Please keep the entire family in your prayers today. We serve a mighty God and as we anxiously await Eli's arrival we know that he is right in the middle of God's perfect plans!

Tuesday, February 17, 2009

Still cooking...

Eli has decided he needs some extra time to cook, I guess. We were officially due on Sunday, the 15th. Here is what we know:

  • As of Monday morning, I was dilated to a 3, but was not effaced at all.
  • I have a few contractions here and there, but nothing worth timing or consistent.
  • I have an OB appointment on Thursday. So I'm sure we will talk then about what the next step is, provided he hasn't made his grand entrance yet.

Please continue to pray for Jason and me. This is waiting game is beginning to wear us down. The anticipation is very tiring and worrisome for us. The not knowing just keeps building up. We are ready to meet our son! :)

We will continue to update our blog as events begin to unfold.

Saturday, February 14, 2009

New Camera

Paige got a new digital camera from Grandma and Grandpa Salt. What a long way technology has come, when you're giving 2-year a digital camera! After they spent some time getting her to understand how it worked, she was off to the races! She takes it with her everywhere now. Here are a couple of the shots from the first "roll of film." These are all uncropped, to properly display her entire creative eye.

Thursday, February 12, 2009

Coveting your support

In regards to you being at the hospital when Eli is born:

We've had a lot of people ask us if we'd be OK with them being at the hospital for support when Eli is born. We covet your prayers and support, and would be greatly honored by your presence with the rest of our friends and family at the hospital. Please feel welcomed.

We've already developed our phone tree. Here's what we expect:

Once Eli is born, he'll be cleaned up, weighed, and all that normal stuff. He'll be put on Prostaglandin in order to keep a prenatal artery bypass open. This drug can cause respiratory arrest (apnea), so he'll also be immediately intubated as a precaution. The CHCC team will take over in the stabilization room, doing what they do. About an hour or two later, he will be transported to CHCC for more direct analysis of his situation.
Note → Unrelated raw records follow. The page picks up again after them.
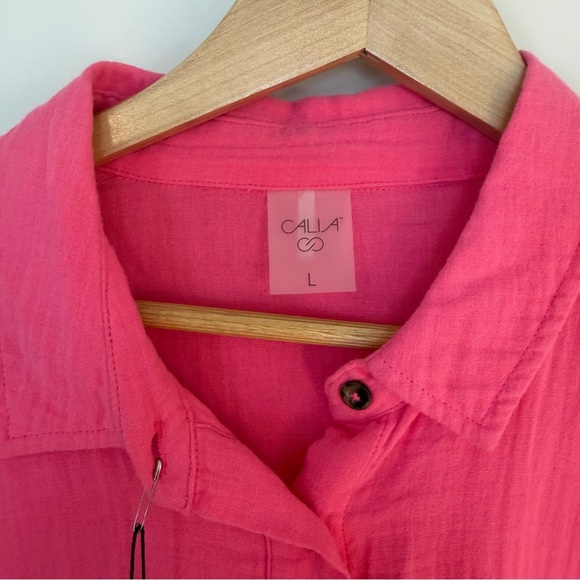 CALIA NEW Oversized LS Button Down Swim Coverup Pink Heat Large - Picture 5 of 8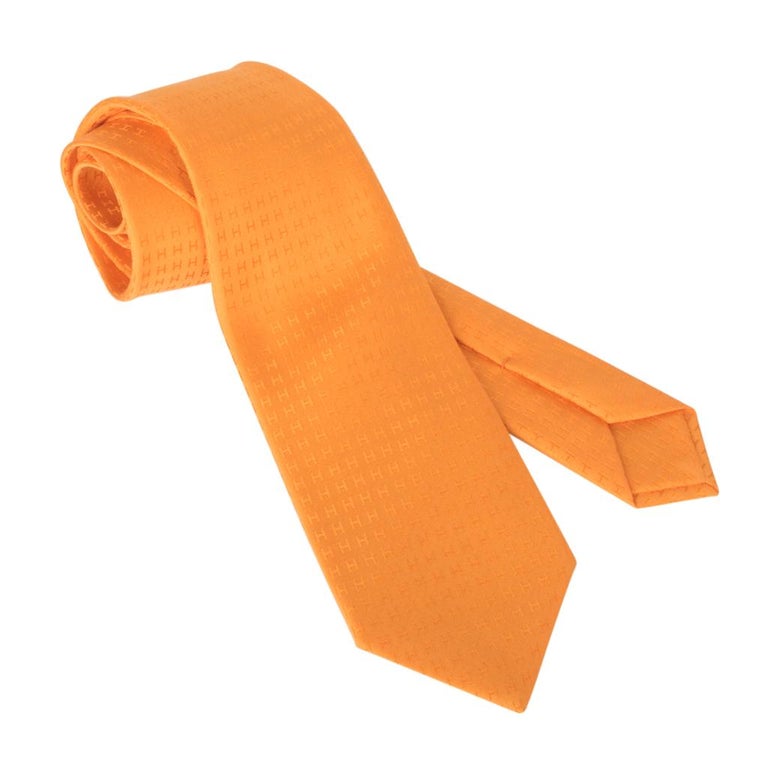 Hermes Tie Faconnee H Orange Vif New at 1stDibs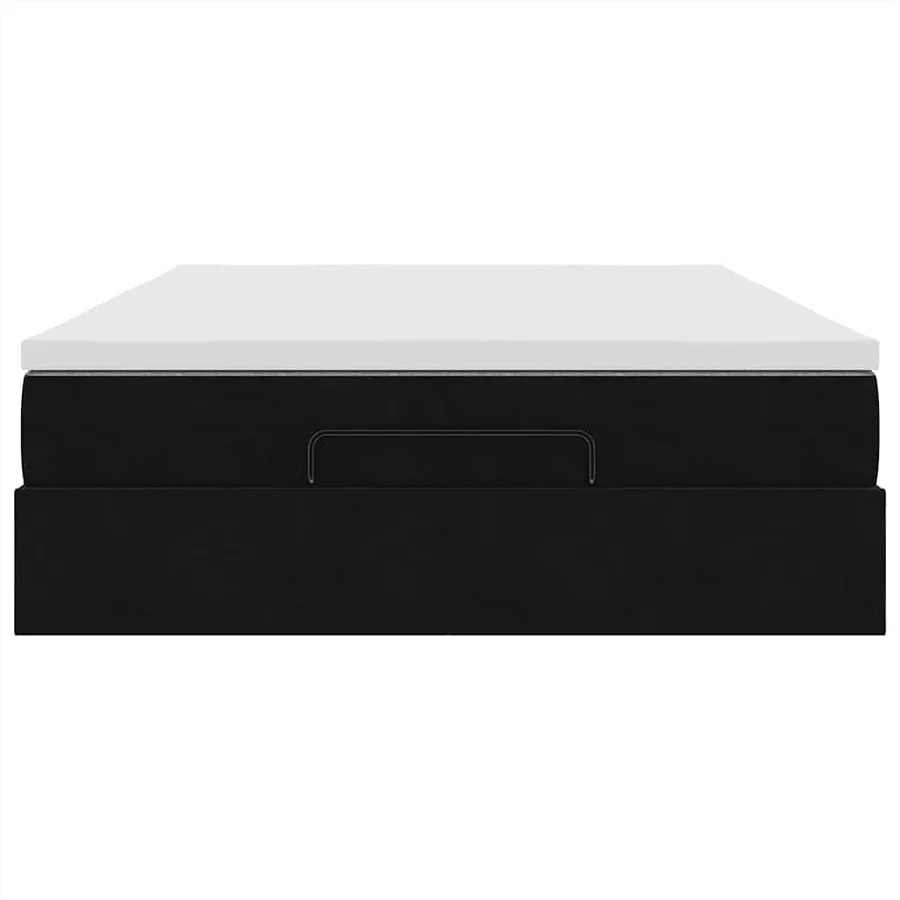 Cadre de lit ottoman avec matelas noir 140x190 cm velours - 7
We are currently in flu season, so no children are allowed beyond the first floor lobby. This includes Paige, and they're not even entertaining the idea of compromise nor exception. We've made special arrangements for Paige to meet Eli, so please be praying those work out.

We thank you for all the support you've all already offered. We are so thankful to be surrounded in love and support. We look forward to seeing you at the hospital. If you would like to be on the call list, let us know. Please also clarify whether or not you'd like to be called regardless of the hour!

Thursday, February 5, 2009

Preparing Paige

How do you explain to a 2 year-old that she is going to have a baby brother soon? I think we can talk about it all we want, but it won't truly be understood until that baby brother is here.
Then, how do you prepare a 2 year-old for a baby brother who is going to spend the first few weeks of his life in the hospital? AND totally change your world as you know it? We have always communicated with Paige about her surroundings. We talk to her constantly about things around her. Baby Eli is no different.
Ever since we found out about Eli, we've made Paige a part of the process we've been going through. We pray every night with her for Jesus to make Eli's heart better. She understands (as much as she possibly can) that Eli has owies on his heart, and that the doctors need to make it better.
Just the other day she decided to bring out her doctor play kit and help Eli herself. This simple pretend toy has been so helpful in Paige's understanding of what might happen over the course of the next few weeks.
Here are a few pictures of her making Eli better. Now mind you, she thinks Eli is in my belly button. She talks to him through it. She thinks he's going to come out of it. She gives him shots through it. It's pretty cute!
Please pray with us that Paige transitions well into big sisterhood. She has to make many more adjustments than most new big sisters.